Chinese politician and educator (1901–1989)

Guo Qiaoran (郭翘然; October 1901 – November 2, 1989), also known as Guo Wen'en, was a Chinese politician, educator, and prominent patriotic democratic figure. He was an early participant in revolutionary movements in southern China and later became an active member of the China Democratic League and a close associate of the Chinese Communist Party.

== Early life and education ==

Guo Qiaoran was born on October 1, 1901 (lunar calendar), in Bingcun, Jiaying Prefecture (now Meixian District, Meizhou, Guangdong). He graduated from Meizhou Middle School in 1921 and subsequently worked as a teacher and principal at Peiji School in Jinpan, Meixian, for four years. He later graduated from Guangdong Law College in Guangzhou.

== Career ==
During the period of the Northern Expedition, Guo became involved in political activities. In 1925, when Ye Jianying served as county magistrate of Meixian, Guo was appointed an executive member of the Fourth District Party Headquarters of the Kuomintang. In 1926, he went to Guangzhou for further studies, where he came into contact with progressive intellectuals, including the Communist scholar Xiong Rui (熊锐). With Xiong's introduction, he was admitted to the Guangdong Judicial School.

Following the April 12 Incident in 1927, political repression intensified. Guo transferred to Guangzhou Law College and graduated in 1930. During his student years, he witnessed the Guangzhou Uprising, which had a profound influence on his political outlook. In 1929, he joined the Chinese Communist Party while in Hong Kong, but due to organizational disruptions, he lost contact with the party in 1930.

In the early 1930s, Guo participated in the Provisional Action Committee of the Kuomintang, founded by Deng Yanda, and became active in organizing youth movements and reading societies.
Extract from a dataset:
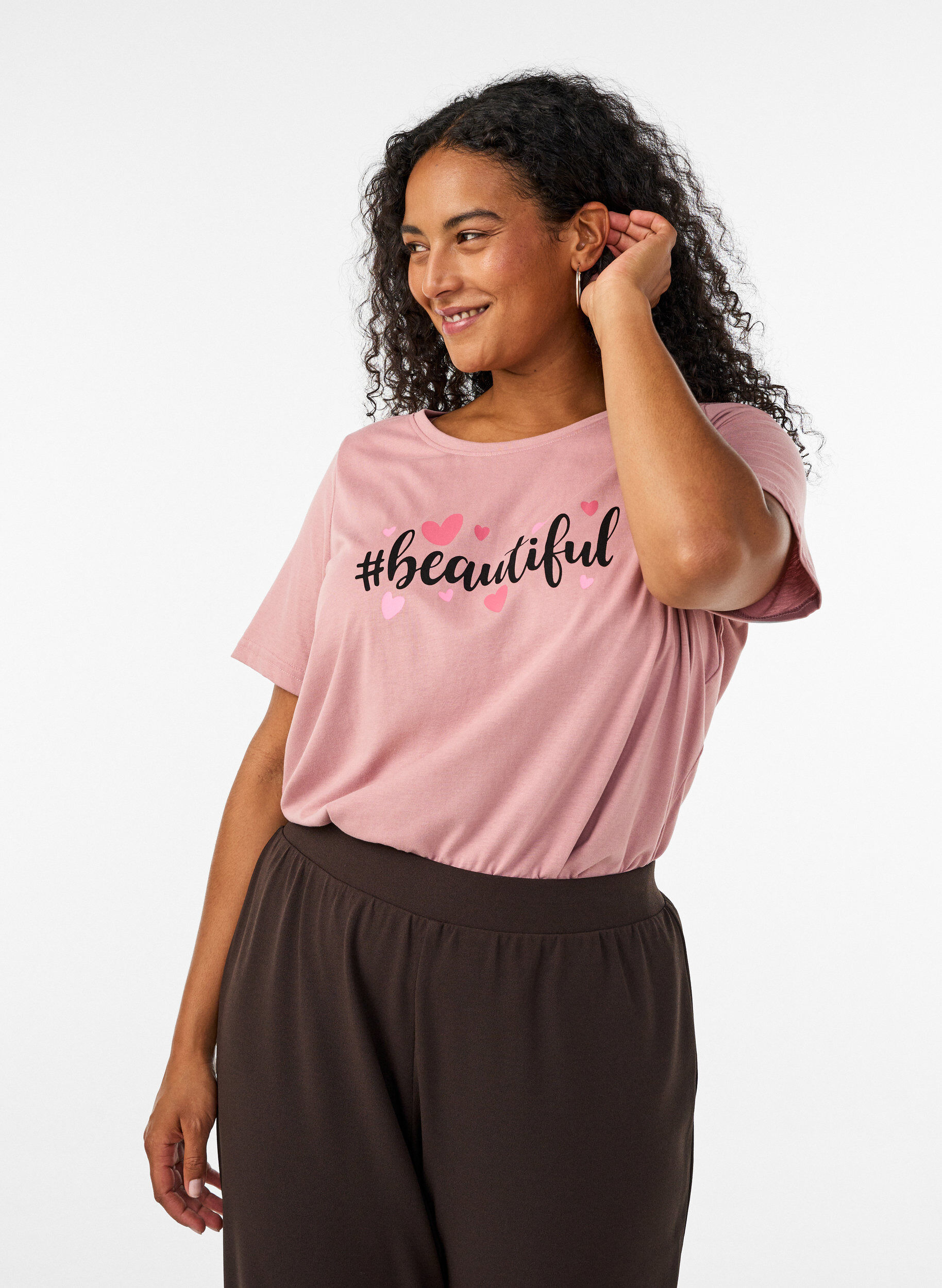 T-shirt imprim&eacute;, Rose poudr&eacute;e, Model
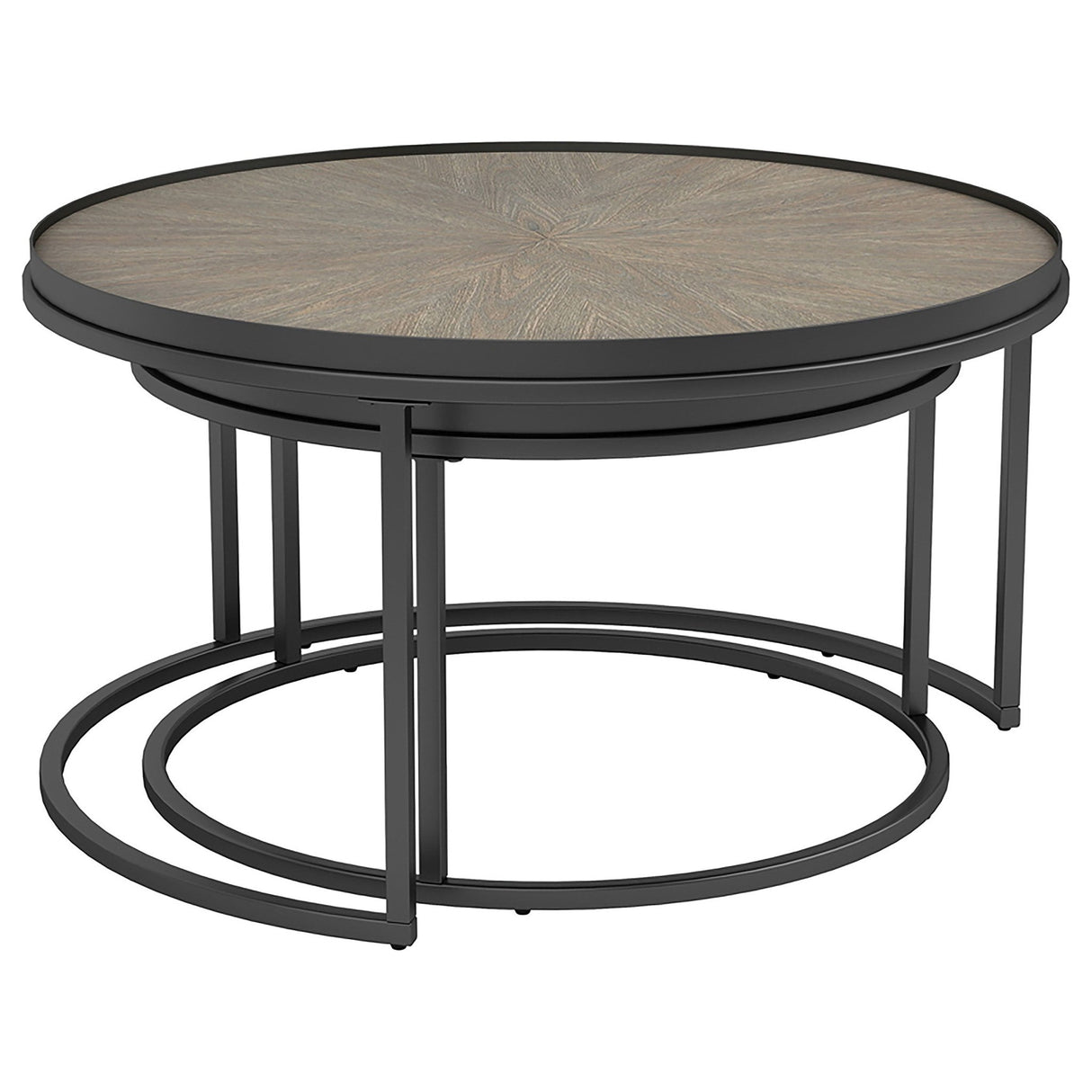 Rodrigo 2 - piece Round Nesting Tables Weathered Elm | Coaster | Home Elegance USA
After the Mukden Incident in 1931, he engaged in political work within Guangdong military units.

During the Second Sino-Japanese War, Guo served as political director of the 158th Division. He later held positions such as chief secretary of the Political Commissioner’s Office of the Twelfth Army Group and head of the First Section of the Political Department of the Seventh War Zone. Due to his opposition to political persecution within the military, he resigned in 1941.

In 1944, Guo joined the China Democratic League and became an important organizer in South China. In January 1945, he was elected as a member of the league's central committee at a preparatory meeting held in Meizhou. After the war, he served as a member of the League’s South China General Branch and its Guangdong Provincial Branch. During the Chinese Civil War, he was active in democratic movements in Hong Kong and supported efforts to establish armed resistance forces in eastern Guangdong.
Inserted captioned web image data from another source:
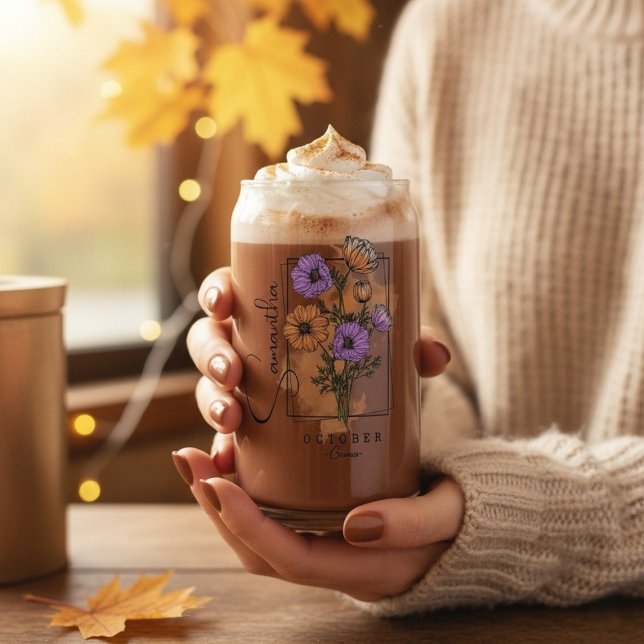 Verre Canette Fleur de naissance personnalisée d'octobre avec no (Personalized October Birth Flower With Name Can Glass)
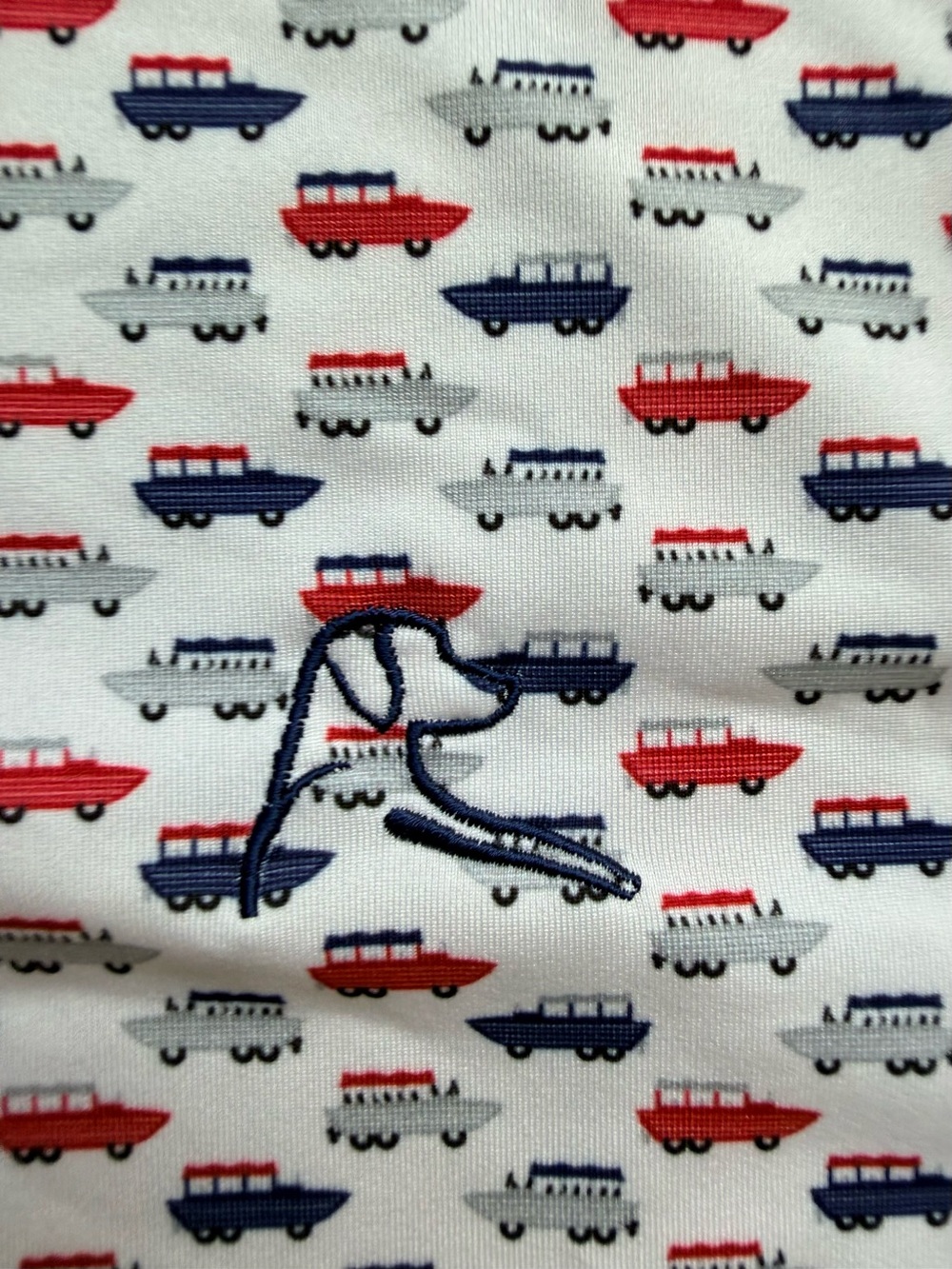 Rhoback Performance Nautical Boat skipper all over print golf polo sz L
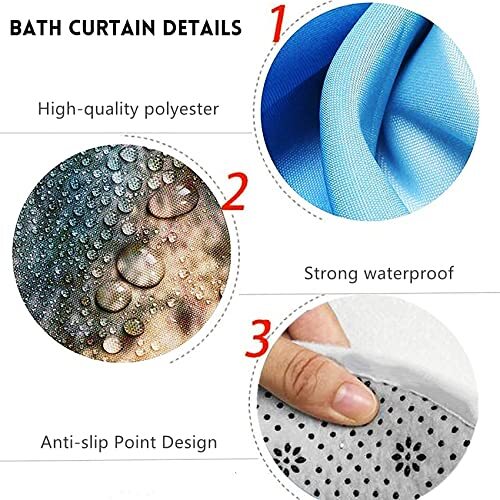 4 Pcs and Black Striped Shower Curtain Set Grey and White Bathroom Sets Blue - Picture 8 of 8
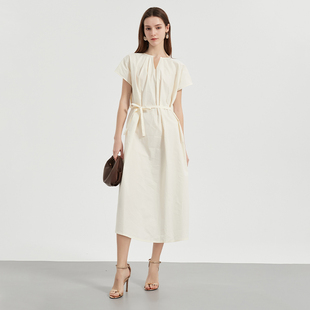 Petit 极简随性V领系带连衣裙 Bari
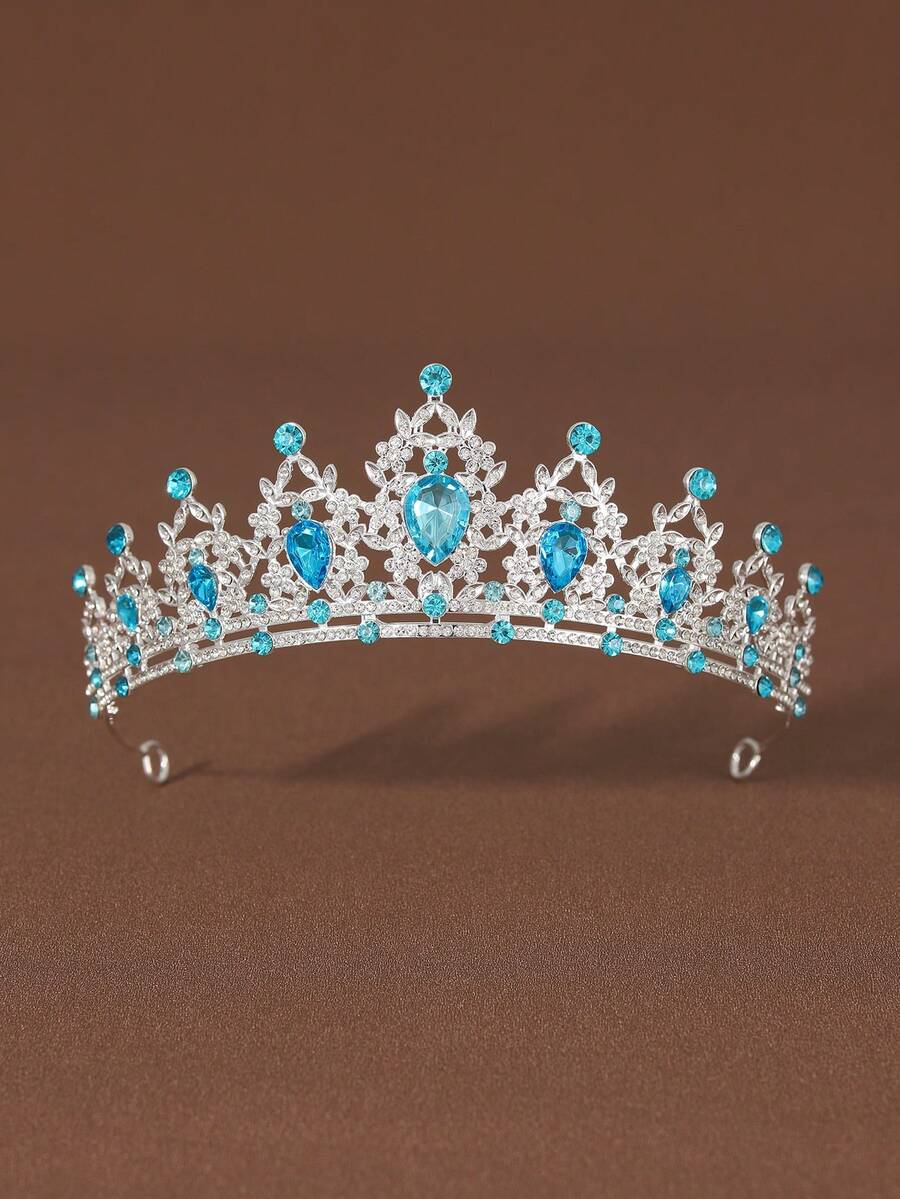 1 件时尚优雅合金皇冠发饰，适合女性婚礼派对 - 銀底淡藍色 - 查看 1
After the founding of the People's Republic of China in 1949, Guo held a number of important public offices. He served as vice chairman of the Guangzhou People’s Consultative Conference, a council member of the Chinese People's Institute of Foreign Affairs, and vice mayor of Guangzhou from 1954 to 1958. He was also a member of the Chinese People's Political Consultative Conference and later served as vice chairman of the Guangdong Provincial Committee of the CPPCC. In addition, he held positions within the China Democratic League, including member of its Central Committee and Standing Committee.

== Later life and death ==
During the Anti-Rightist Campaign in 1957, Guo was wrongly labeled a "rightist." He was politically rehabilitated in 1980 and his reputation was officially restored. Guo Qiaoran died in Guangzhou on November 2, 1989, at the age of 88.